Modern day e-commerce companies learn and deploy complex search ranking systems, attempting to blend product relevancy with business constraints, usually in the form of rules. For instance, these types of companies may learn and deploy complex search ranking models which, given a query, attempt to order products on page with the end goal of maximizing the likelihood a buyer finds and purchases a product. However, there are often competing objectives beyond relevancy that drive growth or deliver stronger bottom-line performance which are often enforced sub-optimally as hard rules and heuristics. As an additional complication, the objectives of interest are often discontinuous, challenging standard optimization approaches.
Aspects of the technology provide an enhanced ranking approach, including a production grade ranking system capable of learning neural networks which efficiently tradeoff between different business objectives. Real world experiments validate the approach in a large-scale production search engine.
According to one aspect, a computer-implemented ensembling method comprises selecting a set of features in a document associated with a product offered in an online marketplace; applying, by one or more processors of a computing system, at least a first subset of the selected set of features and information about the product from the document to a first relevancy model to generate a first product-based prediction; applying, by the one or more processors of the computing system, at least a second subset of the selected set of features and the first product-based prediction to a second relevancy model different from the first relevancy model to generate a second product-based prediction; applying, by the one or more processors of the computing system, at least a third subset of the selected set of features and the second product-based prediction to an Evolutionary Strategies model to generate an ensemble output optimizing a selected metric associated with the product; and modifying an ordering of product documents based on the ensemble output from the Evolutionary Strategies model.

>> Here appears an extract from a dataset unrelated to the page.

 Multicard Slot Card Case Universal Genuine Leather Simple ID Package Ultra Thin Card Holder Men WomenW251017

In one example, the first relevancy model is a linear model. In another example, the second relevancy model is a Gradient Boosted Decision Tree model. In a further example, the Evolutionary Strategies model employs a fully connected two-layer neural network. Here, the fully connected two-layer neural network may be optimized using a multi-objective optimizer. In yet another example, the first relevancy model is a linear model, the second relevancy model is a Gradient Boosted Decision Tree model, and the Evolutionary Strategies model employs a fully connected two-layer neural network.

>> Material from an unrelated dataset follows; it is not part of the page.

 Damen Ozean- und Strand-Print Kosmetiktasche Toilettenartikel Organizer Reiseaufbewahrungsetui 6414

In another example, the first relevancy model is trained over a first time window and the second relevancy model is trained over a second time window. In this case, the second time window may have a different scale than the first time window. In a further example, the selected metric associated with the product is Gross Merchandise Value (GMV).

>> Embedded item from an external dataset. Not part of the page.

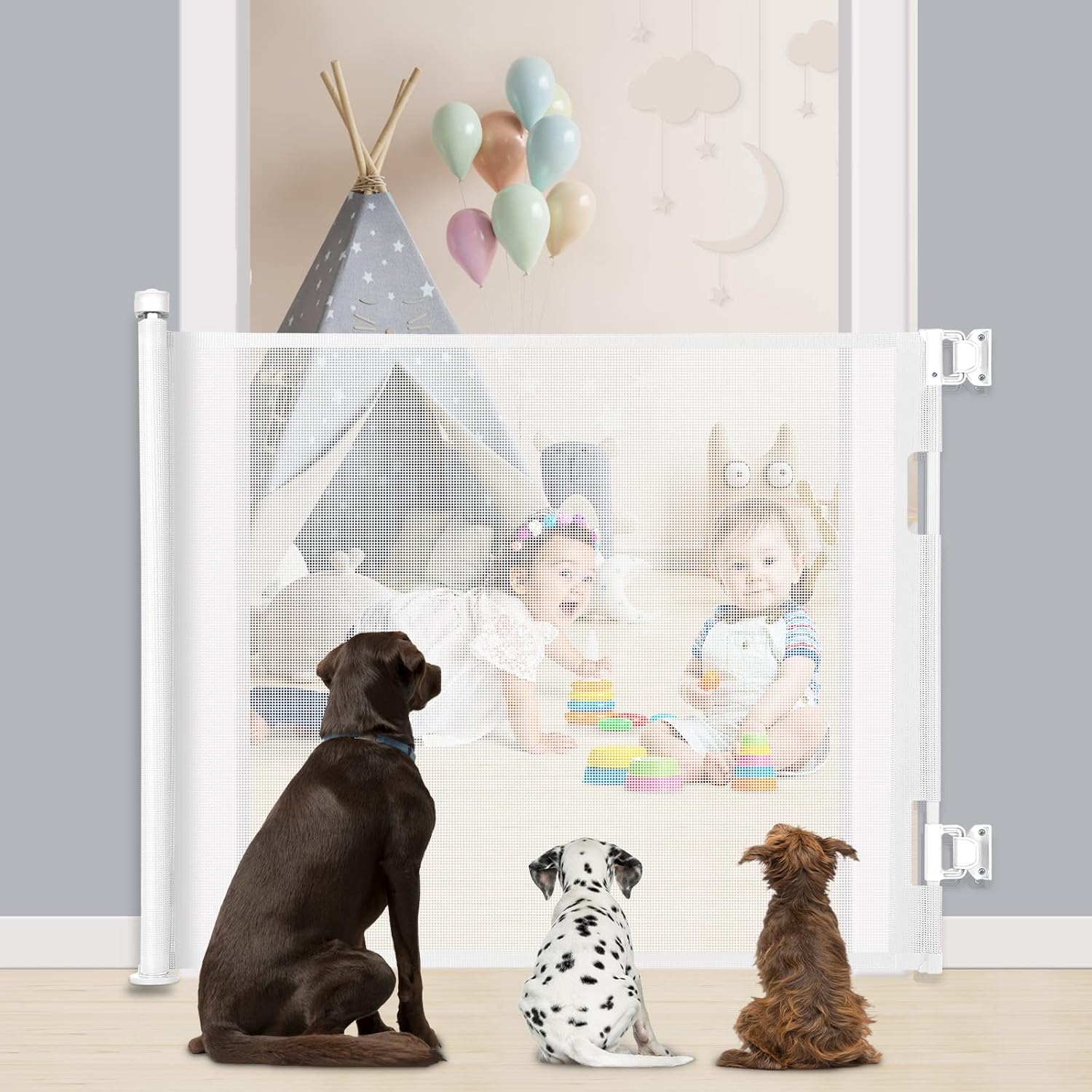 Baby Gate, MYPIN Extra Wide Retractable Dog Gates Indoor Stair Gates for Baby Pe...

In a further example, the method also includes optimizing the Evolutionary Strategies model according to a maximized fitness function. Here, the maximized fitness function may be composed of a linear combination a set of metrics including an average purchase normalized discounted cumulative gain (NDGC) and a median price. And in another example, the first, second and third subsets of the selected set of features are identical.
The selected set of features may include an ensemble relevancy score, a listing price, a query, a product title, and one or more similarity scores. The query may be a textual query associated with the product offered in the online marketplace.
Modifying the ordering of product documents based on the ensemble output from the Evolutionary Strategies model may include modifying a first set of product documents of a first side of the online marketplace and modifying a second set of product documents of a second side of the online marketplace. The first side of the online marketplace may be associated with a set of shops or listings, and the second side of the online marketplace may be associated with customers. The method may further comprise evaluating a sales promotion based on results from modifying the ordering of product documents based on the ensemble output from the Evolutionary Strategies model.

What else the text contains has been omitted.